- **Task inputs**:

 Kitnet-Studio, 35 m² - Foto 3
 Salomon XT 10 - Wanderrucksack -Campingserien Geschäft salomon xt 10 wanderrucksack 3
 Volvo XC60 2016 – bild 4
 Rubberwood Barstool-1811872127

--

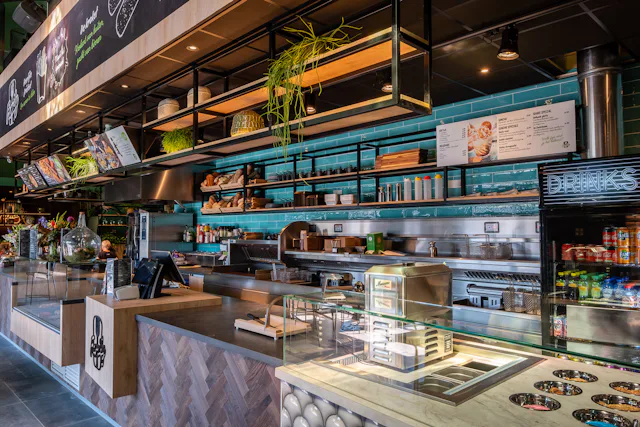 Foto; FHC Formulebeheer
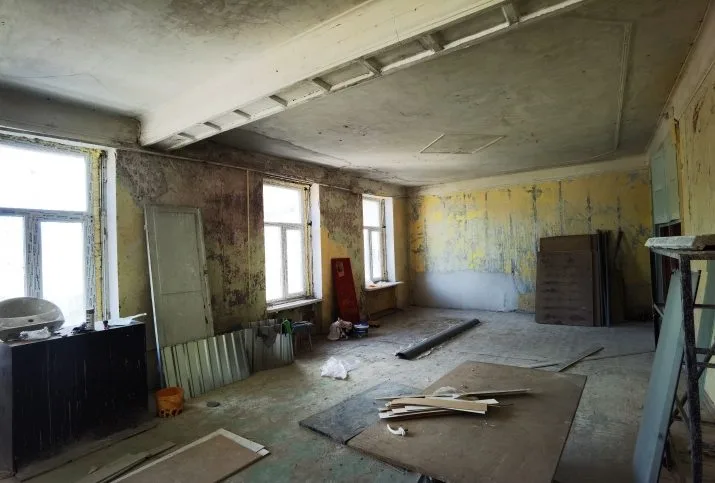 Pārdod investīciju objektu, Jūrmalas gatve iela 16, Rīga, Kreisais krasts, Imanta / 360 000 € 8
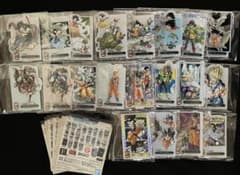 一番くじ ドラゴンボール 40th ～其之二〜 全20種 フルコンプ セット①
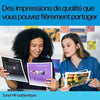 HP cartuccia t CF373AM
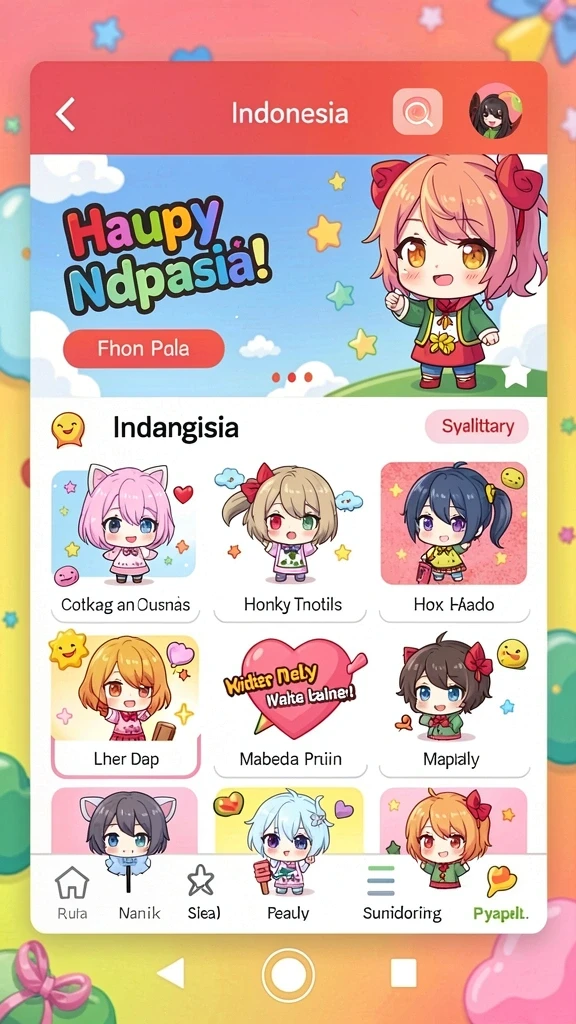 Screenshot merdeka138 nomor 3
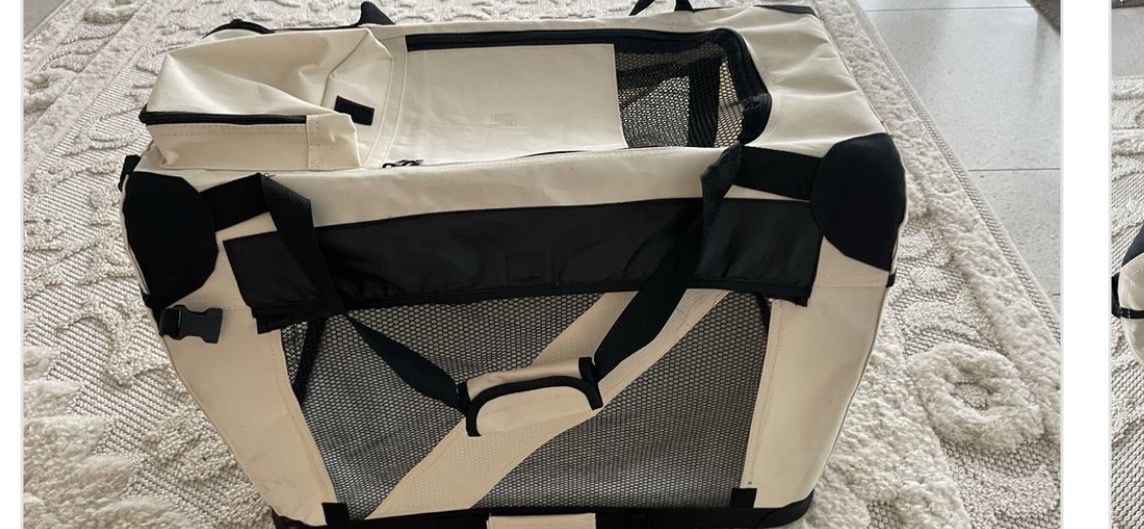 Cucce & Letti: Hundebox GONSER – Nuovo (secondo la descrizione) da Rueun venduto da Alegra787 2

- **Work instruction**:
Quote the listing above, but only from the line that shows "Kitnet-Studio, 35 m² - Foto 3" through the line that shows "Rubberwood Barstool-1811872127".

- **Written solution**:
 Kitnet-Studio, 35 m² - Foto 3
 Salomon XT 10 - Wanderrucksack -Campingserien Geschäft salomon xt 10 wanderrucksack 3
 Volvo XC60 2016 – bild 4
 Rubberwood Barstool-1811872127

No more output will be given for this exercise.